When I was younger, the word “scientist” immediately brought to my mind the image of a frenzied, frizzy-haired man in a lab coat. Although I definitely experienced the innate curiosity about the natural world that many children have, I could never picture myself, a goofy teenage girl who loved wearing dresses and writing stories and drawing animals, pursuing science professionally.
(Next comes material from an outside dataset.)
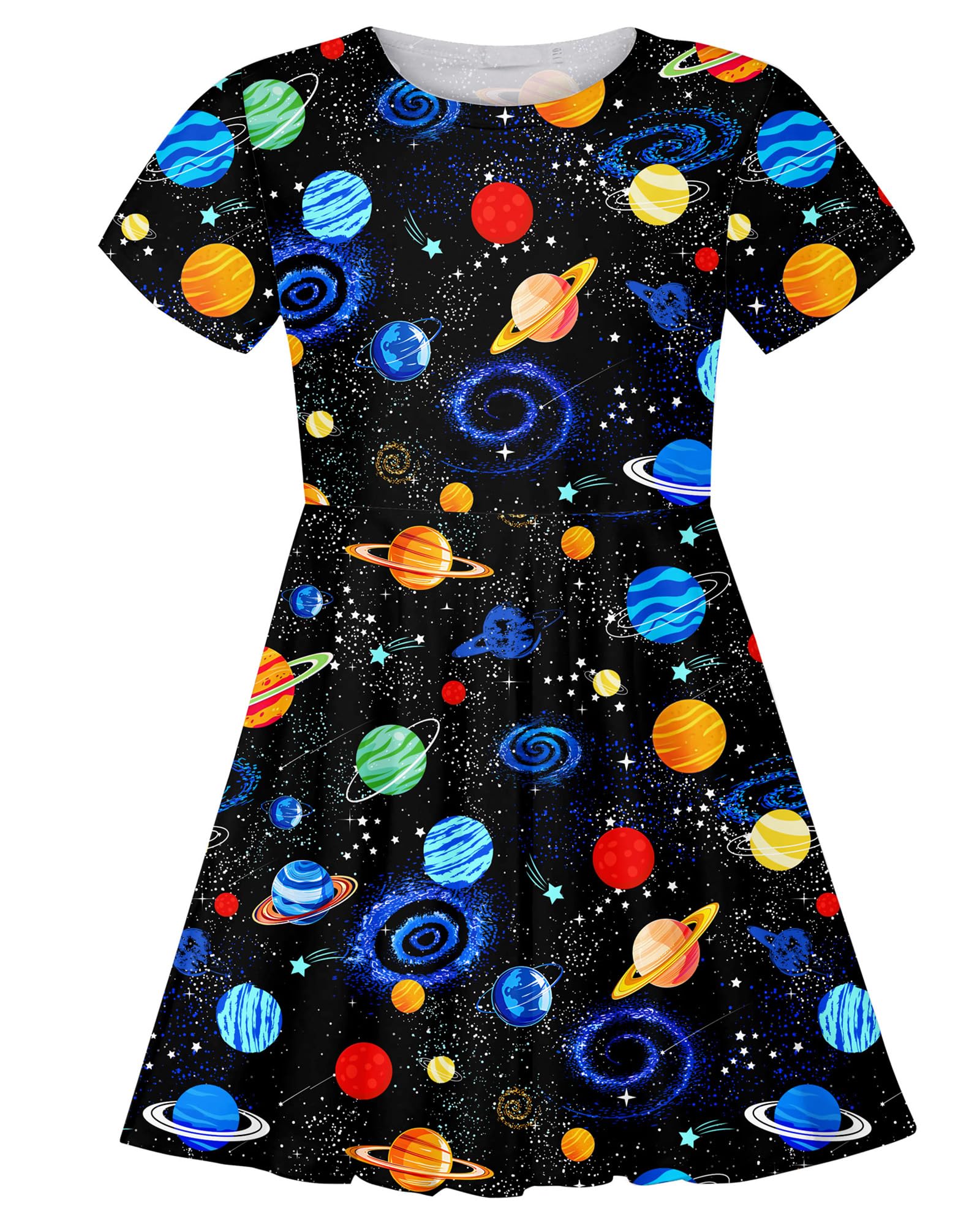 ALISISTER Little Girls Dress Short Sleeve Toddler Summer Sundress 2-9T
This changed in high school, in my tenth-grade chemistry class, when I fell in love with chemistry. Chemistry consumed my life, eating away at my sleep, invading my dreams, and even infiltrating my creative endeavors. I spent my free time drawing brightly-colored tests tubes, atomic models, and molecules, looking up experiments on youtube, and using what I was learning in the classroom to conduct mini experiments in the kitchen. Although I am now pursuing a more theoretical branch of science, I tell people that chemistry was my first love, because the way my thoughts were utterly consumed with this newfound interest was very similar to the way movies portray the infatuation period of a new crush. It was in that class that, for the first time, I began to consider the possibility of a scientific career.
Below, I have shown a painting I made, in the style of Rajasthani Miniature paintings. I tried to show the underlying molecules in Starbucks coffee and nature, including caffeine, oxygen, nitrogen, and water.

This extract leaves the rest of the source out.